The Monitor gives me the nod and allows the shop assistant to take him to one of the booths where a PlayStation 2 is already set up. I watch while the clerk loads a disc and the screen immediately shows a dark-eyed beauty naked on a park bench somewhere in Latin America. One by one muscular young men arrive color-coded in blond, black and auburn, no doubt to make them distinguishable. The Monitor fast-forwards like an expert, freezing moments of penetration which he examines with the eye of a connoisseur before continuing, discarding all padding. He is done with Latino porn in less than five minutes and the clerk loads the more serious entertainment of Dragon Warrior VII. The Monitor is immediately absorbed and seems to impress the clerk with his swordplay. The clerk returns to me and I pay for the machine. Outside the FBI is waiting in the car. She says: “That easy?” I nod. There was something akin to real intelligence on the Monitor’s face when he was doing battle with the dragon. I think there must be some cultural moral in that, but Jones never appreciates those kinds of thoughts. “What is he watching?”
“Latino porn and Dragon Warrior VII.”
“D’you think he is someone from humanity’s immediate future?”
“How is it you can say things like that and I can’t?”
“Are we going to have another one of those arguments?”
“No.”
“How did you explain to the Monitor the reason why you wanted him out of the way?”
“I let him think I was going to fuck you.”
“Doesn’t your Buddhist code stipulate that you’re not allowed to tell lies?”
“There’s relative truth.”
“Want to make it absolute?”
“We’ve been through that. We’re culturally and spiritually incompatible.”
“Meaning my abrasive American personality turns you right off, huh?”
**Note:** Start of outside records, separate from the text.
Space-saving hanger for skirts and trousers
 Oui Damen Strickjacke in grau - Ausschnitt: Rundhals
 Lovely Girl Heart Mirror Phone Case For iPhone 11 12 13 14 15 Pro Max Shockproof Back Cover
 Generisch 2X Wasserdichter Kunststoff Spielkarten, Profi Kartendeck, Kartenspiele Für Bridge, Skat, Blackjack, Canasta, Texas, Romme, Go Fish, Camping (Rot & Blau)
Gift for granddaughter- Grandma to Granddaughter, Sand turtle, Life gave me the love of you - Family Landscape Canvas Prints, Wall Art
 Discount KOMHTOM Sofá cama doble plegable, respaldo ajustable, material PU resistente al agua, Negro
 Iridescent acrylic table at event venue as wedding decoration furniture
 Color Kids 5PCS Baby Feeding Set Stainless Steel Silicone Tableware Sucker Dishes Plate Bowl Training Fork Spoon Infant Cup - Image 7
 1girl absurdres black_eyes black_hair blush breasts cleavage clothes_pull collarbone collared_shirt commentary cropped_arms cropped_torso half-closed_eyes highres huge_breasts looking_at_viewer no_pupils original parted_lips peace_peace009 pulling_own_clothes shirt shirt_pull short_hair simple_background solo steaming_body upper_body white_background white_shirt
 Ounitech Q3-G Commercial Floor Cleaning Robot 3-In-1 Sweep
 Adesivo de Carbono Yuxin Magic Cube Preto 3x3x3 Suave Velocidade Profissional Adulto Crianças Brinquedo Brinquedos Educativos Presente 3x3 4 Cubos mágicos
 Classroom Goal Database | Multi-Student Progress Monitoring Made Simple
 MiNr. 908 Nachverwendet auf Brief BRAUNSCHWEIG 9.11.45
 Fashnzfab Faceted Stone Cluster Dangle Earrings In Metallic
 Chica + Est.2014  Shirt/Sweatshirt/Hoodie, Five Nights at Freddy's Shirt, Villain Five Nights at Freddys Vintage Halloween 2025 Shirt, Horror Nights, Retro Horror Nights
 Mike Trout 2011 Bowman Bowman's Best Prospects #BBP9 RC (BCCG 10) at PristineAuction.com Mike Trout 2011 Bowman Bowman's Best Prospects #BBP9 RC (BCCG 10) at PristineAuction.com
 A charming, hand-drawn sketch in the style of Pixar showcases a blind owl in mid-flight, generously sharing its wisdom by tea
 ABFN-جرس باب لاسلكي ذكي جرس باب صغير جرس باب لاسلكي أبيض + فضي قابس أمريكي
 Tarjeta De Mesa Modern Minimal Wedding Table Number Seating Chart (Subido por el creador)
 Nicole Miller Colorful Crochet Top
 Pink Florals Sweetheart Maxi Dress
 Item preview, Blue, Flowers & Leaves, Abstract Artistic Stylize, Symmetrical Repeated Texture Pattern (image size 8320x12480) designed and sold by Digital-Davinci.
“You are an excellent agent.”
“How about if I were to soften up? I hear Johnson’s baby oil can help in these kinds of situations.” She turns away from my paranoid gaze with a smirk on her face. “It’s the protocol,” she says to the window, “information-sharing. Your Colonel is pretty selective, but then I guess so are we.”
At the end of the waterfront strip we veer off to the left, then to the right. Halfway to Jomtien Beach, we take a left down a private road belonging to an upmarket block of condominiums. It’s upmarket for Thailand, anyway. No one has bothered to repave the road since I was last here a few years ago, and we have to sit and wait in the car for the security to come and open the main gate.
I have timed the journey, taking the likely traffic problem into account, so that we arrive at about noon, when all good Russians are somewhere between sober and drunk. It is 12:12 p.m. when we reach the penthouse apartment on the thirty-seventh floor of the condo building and I press the buzzer. I agonized over whether to call ahead or not and finally decided not to. If Iamskoy is compromised with a half dozen Siberian women without visas, or who have overstayed their visas, or are obviously on the game, he might be that much more willing to talk. A lot will depend on how drunk he is, though. Too drunk and he will pass out, the way he did last time. Too sober and he’ll be uptight, too far into himself with his Russian melancholy to communicate at all.
I think I might be in luck because a woman answers the door. She is about twenty-six, dyed blond hair, Caucasian, thick lips and a wolfish look which she clearly believes to be irresistible. She is wearing a black dress which comes an inch or two below her crotch and reveals a lot of cleavage. Her perfume is not up to my mother’s standards, but then I don’t think this woman has spent much time in Paris. She looks blank and about to close the door on us when I flash my ID.